What is required >> Copy, word for word, the lines of the entries below between the one with "Installation is completed." and the one with "Hi! Today I'm", inclusive, and leave out everything else.

Task inputs >>
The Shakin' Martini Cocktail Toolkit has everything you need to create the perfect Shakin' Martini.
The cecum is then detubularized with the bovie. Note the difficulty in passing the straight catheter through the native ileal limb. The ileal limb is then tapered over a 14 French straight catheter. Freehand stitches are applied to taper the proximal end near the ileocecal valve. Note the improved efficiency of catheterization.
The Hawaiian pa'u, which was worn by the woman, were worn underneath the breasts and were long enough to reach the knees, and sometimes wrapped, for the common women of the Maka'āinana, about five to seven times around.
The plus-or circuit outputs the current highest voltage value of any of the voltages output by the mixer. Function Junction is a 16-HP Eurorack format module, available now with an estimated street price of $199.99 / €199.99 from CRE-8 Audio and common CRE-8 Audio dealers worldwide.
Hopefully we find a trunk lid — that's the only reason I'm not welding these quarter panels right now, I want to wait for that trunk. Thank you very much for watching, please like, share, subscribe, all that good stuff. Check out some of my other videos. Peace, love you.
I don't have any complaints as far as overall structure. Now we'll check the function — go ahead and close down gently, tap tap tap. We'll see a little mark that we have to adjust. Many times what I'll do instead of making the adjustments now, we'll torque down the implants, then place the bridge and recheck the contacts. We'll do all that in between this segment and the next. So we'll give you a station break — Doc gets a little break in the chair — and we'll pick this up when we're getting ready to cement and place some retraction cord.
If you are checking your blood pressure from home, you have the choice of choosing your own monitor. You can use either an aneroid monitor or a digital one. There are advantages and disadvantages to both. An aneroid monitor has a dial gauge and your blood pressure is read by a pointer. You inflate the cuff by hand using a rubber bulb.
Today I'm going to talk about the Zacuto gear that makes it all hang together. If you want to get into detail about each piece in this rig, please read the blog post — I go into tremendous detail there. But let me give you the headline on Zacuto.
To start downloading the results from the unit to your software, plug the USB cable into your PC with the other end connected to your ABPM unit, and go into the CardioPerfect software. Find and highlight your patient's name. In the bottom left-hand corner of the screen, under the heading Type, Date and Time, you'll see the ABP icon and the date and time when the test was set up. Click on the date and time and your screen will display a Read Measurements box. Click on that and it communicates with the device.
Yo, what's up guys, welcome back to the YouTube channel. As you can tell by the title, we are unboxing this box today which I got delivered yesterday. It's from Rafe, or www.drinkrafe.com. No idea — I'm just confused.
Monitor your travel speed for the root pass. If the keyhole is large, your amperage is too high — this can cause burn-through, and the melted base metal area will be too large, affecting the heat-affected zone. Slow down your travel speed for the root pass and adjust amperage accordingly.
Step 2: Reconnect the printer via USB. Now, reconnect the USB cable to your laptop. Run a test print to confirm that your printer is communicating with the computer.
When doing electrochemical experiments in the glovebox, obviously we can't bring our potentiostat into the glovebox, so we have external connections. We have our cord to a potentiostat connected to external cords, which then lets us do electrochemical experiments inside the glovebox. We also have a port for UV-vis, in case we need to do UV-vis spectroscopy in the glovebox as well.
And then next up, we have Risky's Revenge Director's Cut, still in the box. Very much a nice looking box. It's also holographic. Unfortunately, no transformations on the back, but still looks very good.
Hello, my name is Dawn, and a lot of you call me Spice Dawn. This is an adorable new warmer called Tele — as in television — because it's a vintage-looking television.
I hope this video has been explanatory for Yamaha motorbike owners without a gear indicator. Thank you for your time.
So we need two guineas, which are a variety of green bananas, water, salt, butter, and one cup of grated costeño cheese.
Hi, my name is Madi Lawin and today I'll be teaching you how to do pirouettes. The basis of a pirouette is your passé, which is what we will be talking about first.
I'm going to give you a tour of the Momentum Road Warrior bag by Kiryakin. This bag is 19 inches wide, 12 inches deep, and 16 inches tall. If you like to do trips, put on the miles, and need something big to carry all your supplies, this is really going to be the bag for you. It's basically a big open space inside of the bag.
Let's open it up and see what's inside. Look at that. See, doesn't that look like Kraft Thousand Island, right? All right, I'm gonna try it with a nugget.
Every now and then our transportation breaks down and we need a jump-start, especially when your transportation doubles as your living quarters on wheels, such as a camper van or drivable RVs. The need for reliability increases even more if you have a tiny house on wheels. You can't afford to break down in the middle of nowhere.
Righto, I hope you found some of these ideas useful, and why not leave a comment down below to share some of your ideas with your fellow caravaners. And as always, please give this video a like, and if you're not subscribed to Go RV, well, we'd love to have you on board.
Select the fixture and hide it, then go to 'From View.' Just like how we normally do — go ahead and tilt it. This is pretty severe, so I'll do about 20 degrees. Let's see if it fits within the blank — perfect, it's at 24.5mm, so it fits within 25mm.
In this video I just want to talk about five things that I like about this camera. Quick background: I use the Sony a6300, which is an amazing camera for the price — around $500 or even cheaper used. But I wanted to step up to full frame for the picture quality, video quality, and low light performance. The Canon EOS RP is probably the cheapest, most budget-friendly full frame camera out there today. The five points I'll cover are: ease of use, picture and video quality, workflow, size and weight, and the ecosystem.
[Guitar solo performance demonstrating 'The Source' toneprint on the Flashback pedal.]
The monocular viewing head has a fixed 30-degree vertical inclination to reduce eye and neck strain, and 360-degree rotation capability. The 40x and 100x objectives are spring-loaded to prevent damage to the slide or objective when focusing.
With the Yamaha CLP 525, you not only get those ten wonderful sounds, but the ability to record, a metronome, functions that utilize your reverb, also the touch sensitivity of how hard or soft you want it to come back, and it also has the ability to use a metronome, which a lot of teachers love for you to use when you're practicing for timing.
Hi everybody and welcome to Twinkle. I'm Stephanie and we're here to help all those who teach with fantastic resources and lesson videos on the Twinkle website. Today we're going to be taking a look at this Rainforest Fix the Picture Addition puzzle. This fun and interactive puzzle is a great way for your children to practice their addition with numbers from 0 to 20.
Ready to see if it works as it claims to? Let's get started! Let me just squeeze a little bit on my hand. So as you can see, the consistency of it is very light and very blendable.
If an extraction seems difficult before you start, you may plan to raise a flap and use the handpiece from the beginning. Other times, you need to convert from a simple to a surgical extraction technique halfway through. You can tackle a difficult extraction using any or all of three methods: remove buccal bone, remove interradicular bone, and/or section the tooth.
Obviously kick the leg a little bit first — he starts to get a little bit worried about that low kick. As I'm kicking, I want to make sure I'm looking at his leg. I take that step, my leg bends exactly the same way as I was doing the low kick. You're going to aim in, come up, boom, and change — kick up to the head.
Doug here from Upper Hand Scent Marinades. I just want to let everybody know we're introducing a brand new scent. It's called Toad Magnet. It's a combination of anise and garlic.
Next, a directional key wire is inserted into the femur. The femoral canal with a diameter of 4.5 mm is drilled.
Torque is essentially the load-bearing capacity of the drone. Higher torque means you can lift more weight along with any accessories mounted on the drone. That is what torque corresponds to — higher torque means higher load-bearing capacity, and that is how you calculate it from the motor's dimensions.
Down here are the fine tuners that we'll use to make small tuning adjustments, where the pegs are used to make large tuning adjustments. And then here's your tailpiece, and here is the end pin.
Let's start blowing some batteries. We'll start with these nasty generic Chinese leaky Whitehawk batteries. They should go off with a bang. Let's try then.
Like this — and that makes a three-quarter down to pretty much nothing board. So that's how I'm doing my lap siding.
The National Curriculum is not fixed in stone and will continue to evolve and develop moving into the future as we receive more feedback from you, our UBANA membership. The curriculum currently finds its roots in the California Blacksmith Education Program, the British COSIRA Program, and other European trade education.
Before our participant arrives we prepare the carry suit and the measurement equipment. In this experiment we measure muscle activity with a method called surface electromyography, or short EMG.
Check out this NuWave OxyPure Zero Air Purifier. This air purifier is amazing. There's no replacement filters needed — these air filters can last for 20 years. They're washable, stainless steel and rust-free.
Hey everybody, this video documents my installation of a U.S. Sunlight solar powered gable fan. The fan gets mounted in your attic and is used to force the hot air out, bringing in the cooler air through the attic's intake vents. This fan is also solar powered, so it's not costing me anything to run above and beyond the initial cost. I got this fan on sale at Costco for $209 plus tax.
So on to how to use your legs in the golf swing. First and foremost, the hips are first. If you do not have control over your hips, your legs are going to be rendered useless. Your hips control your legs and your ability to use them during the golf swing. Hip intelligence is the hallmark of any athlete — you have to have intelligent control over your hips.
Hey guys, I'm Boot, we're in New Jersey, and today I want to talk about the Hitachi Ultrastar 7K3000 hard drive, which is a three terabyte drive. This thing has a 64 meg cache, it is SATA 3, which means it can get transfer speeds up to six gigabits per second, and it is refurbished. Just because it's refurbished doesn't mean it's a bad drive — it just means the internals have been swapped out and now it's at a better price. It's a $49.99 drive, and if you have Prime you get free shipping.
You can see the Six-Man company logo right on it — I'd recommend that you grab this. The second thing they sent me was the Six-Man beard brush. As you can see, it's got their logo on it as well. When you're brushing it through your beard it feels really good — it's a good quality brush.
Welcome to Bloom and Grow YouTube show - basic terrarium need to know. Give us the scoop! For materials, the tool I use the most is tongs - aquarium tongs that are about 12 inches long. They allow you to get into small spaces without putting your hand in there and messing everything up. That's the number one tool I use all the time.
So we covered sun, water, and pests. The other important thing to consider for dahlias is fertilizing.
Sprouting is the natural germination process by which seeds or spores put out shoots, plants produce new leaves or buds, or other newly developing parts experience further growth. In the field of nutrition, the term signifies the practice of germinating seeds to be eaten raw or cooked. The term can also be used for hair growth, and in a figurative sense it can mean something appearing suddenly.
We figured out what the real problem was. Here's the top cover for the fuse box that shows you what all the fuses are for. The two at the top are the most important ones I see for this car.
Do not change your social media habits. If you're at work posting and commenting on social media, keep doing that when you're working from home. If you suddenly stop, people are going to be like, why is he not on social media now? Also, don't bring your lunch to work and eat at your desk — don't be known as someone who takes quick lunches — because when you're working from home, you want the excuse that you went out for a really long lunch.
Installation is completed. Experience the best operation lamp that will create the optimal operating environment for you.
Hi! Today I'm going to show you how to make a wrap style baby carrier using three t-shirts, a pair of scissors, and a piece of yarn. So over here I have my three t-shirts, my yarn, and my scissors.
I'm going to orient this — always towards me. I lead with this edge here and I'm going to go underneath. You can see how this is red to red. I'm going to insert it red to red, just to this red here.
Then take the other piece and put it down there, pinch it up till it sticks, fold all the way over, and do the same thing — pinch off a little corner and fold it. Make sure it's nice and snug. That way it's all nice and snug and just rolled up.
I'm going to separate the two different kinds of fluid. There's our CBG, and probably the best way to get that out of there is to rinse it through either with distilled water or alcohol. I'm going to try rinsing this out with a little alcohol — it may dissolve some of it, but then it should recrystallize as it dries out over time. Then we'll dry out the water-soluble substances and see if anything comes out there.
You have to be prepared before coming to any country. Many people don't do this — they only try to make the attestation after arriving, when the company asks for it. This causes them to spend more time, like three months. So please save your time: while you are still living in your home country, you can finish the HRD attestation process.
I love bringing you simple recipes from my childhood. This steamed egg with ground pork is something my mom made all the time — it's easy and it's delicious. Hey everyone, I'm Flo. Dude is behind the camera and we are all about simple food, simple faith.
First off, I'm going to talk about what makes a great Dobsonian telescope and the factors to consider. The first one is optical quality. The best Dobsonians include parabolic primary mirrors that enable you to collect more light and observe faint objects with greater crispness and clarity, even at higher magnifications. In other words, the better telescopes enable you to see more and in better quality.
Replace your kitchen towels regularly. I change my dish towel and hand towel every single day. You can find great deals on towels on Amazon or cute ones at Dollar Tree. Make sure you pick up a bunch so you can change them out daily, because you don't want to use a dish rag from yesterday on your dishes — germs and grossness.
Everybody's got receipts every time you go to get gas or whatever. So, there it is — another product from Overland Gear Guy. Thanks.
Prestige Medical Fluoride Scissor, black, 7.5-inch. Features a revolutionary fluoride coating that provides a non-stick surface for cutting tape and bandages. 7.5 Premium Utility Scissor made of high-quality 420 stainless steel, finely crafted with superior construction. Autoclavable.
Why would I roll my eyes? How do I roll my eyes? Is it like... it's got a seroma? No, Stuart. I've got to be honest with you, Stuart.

Output >>
Installation is completed. Experience the best operation lamp that will create the optimal operating environment for you.
Hi! Today I'm going to show you how to make a wrap style baby carrier using three t-shirts, a pair of scissors, and a piece of yarn. So over here I have my three t-shirts, my yarn, and my scissors.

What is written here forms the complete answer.